Illinois Senate OKs $16B Pension Deal

The Illinois Senate yesterday approved a bill authorizing the sale of $16 billion of general obligation pension bonds to help bring down the state’s $42 billion unfunded pension liability, sending the measure to the House where it faces tougher opposition.

The bill required a three-fifths super majority — because it involves new debt issuance — and received it in a 37-21 vote.  Democrats control both chambers but don’t hold a super-majority in the House, so at least five Republican votes would be needed to pass the measure. Democratic House Speaker Michael Madigan also has raised questions over the bond issue and it’s unclear whether he will support it.

Under the plan proposed by Gov.
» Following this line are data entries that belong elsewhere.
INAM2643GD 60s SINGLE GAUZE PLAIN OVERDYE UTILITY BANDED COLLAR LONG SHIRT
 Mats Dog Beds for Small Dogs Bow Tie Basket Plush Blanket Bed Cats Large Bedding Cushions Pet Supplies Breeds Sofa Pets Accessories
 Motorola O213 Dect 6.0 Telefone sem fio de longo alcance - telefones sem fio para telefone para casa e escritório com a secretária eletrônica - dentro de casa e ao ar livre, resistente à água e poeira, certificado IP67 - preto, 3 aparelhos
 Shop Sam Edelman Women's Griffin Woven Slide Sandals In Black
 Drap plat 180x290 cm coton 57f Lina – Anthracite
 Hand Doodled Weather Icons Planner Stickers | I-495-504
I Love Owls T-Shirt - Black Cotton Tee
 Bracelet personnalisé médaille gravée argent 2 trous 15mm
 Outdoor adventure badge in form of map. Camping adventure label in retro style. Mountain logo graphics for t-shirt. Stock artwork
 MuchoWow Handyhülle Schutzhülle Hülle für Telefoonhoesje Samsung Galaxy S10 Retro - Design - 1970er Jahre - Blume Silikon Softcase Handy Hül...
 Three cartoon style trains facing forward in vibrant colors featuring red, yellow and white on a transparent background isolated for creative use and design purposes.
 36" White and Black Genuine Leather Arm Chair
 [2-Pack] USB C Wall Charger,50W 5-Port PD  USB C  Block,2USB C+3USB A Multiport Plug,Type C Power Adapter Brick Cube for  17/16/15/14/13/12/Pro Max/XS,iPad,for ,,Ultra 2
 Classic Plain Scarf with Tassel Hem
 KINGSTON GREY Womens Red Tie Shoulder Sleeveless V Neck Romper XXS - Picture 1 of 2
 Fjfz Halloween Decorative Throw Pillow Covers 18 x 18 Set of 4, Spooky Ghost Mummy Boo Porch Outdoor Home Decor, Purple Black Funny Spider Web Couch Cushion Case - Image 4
Rod Blagojevich as part of his operating budget, the state would issue $16 billion of debt to bring the pension’s funded ratio up to 75% from its current level of 63%. The state’s $10 billion 2003 pension bond issue brought the ratio up from 48%.

The governor also wants to restructure the long-term amortization schedule to increase annual payments by $300 million, putting the system on track to reach a funded ratio by 2033 — 12 years earlier than the current plan — at an overall savings of $34 billion in contributions. The state would use bond proceeds to cover about $500 million from an upcoming payment owed to the system — a move Republicans yesterday blasted.